We assess the needs and recognise the risks that each individual presents and work with them to develop an individually-tailored resettlement action plan. We also ensure that we maintain close, responsive and effective working relationships with our partners and stakeholders such as police, probation (CRC and NPS), Jobcentre Plus, training organisations and colleges, employers, accommodation providers, health services and a wide range of statutory and voluntary agencies.

We recognise the importance of lived experience, so we have a pool of volunteers – a number of whom are ex-offenders – who support our work and act as mentors and peer mentors for service users.

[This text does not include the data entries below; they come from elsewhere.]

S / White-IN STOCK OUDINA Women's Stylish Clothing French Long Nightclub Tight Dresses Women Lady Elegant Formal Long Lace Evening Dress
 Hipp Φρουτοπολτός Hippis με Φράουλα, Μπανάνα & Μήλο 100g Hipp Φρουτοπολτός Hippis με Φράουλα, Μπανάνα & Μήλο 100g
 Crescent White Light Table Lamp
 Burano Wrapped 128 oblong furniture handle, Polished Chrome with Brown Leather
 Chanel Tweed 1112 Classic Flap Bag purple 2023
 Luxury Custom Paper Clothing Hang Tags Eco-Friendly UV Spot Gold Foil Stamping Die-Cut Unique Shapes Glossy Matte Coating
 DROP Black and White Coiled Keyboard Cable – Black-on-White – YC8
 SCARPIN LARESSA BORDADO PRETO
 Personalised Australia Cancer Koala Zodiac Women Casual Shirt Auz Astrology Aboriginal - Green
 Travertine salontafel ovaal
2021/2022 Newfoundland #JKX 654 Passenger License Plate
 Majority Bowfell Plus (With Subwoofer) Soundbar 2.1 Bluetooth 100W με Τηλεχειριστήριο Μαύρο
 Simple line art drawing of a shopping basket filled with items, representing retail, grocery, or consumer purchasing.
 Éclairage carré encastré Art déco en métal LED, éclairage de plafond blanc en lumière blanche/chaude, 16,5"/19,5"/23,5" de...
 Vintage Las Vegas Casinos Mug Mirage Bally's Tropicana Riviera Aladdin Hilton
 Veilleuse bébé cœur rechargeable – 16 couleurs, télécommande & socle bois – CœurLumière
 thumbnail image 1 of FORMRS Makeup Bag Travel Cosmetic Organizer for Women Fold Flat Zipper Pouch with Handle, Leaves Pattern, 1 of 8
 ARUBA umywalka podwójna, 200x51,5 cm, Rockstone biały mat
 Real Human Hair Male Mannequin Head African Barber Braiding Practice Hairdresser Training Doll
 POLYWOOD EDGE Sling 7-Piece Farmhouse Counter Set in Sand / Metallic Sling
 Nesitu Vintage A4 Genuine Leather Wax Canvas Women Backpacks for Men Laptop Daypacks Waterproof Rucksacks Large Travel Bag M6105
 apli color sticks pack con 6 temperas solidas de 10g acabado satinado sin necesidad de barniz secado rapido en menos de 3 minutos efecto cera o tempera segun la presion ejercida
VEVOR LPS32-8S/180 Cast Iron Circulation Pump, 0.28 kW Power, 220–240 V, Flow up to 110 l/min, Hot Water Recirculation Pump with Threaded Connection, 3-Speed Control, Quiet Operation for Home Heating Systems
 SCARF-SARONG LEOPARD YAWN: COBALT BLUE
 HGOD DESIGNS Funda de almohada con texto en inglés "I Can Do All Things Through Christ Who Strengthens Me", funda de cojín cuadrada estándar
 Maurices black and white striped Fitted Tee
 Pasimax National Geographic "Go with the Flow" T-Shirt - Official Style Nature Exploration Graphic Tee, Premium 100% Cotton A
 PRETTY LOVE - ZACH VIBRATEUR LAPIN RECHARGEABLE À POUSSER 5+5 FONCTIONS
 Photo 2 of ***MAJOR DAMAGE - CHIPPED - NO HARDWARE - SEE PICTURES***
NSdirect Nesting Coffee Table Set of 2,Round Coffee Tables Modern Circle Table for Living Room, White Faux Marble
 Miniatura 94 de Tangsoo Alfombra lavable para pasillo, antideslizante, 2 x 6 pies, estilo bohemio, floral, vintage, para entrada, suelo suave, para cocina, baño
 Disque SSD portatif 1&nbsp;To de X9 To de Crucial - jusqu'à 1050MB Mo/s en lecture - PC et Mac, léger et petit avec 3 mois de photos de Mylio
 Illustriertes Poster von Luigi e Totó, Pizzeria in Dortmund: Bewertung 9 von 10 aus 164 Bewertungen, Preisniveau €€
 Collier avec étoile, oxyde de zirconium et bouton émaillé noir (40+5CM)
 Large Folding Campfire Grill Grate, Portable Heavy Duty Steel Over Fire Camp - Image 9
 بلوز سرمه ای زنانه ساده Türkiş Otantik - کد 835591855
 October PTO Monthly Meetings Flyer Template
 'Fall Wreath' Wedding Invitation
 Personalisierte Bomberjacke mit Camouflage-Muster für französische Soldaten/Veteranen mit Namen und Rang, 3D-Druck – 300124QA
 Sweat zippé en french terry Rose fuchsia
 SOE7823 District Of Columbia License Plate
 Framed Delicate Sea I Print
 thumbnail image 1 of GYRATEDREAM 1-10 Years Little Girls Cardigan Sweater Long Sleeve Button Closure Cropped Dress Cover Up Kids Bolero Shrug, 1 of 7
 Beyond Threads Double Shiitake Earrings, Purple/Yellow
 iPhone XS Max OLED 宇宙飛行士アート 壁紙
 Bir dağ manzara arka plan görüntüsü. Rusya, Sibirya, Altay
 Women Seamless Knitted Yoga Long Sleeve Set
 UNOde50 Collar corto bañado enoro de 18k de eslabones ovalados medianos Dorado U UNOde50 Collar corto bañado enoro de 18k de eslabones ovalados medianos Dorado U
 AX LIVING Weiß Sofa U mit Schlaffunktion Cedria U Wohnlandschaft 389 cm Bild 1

Our work with people in custody

We work with young and adult offenders in prisons and in the community, offering a wide range of services for a variety of client groups to support them to change their lives. Our goal is to reduce reoffending and help people to positively reintegrate into society. We operate in 14 prisons, young offender institutions and one secure training centre, offering a wide range of practical support.

We work with people in the run up to release to ensure they are practically and emotionally prepared for life on the outside. As part of this work, we signpost and support service users to find places in education, training or employment and to obtain suitable, stable and affordable accommodation. This includes referring young people and women to more specialist services. We are also a provider of community and prison accommodation.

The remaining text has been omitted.